_Material supplied_:
-- -- --

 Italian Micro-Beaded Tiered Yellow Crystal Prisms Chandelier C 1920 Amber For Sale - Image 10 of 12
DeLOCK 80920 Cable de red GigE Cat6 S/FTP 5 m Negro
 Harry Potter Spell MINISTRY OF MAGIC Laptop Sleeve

-- -- --

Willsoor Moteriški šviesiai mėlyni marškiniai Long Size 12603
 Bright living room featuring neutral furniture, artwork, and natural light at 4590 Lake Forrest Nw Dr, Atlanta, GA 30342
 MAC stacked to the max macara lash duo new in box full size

-- -- --

_Task directions_:
Print again the lines of the entries above that fall between the line holding "Italian Micro-Beaded Tiered" and the line holding "Harry Potter Spell", inclusive, exactly as they stand.

_Output of the task_:
 Italian Micro-Beaded Tiered Yellow Crystal Prisms Chandelier C 1920 Amber For Sale - Image 10 of 12
DeLOCK 80920 Cable de red GigE Cat6 S/FTP 5 m Negro
 Harry Potter Spell MINISTRY OF MAGIC Laptop Sleeve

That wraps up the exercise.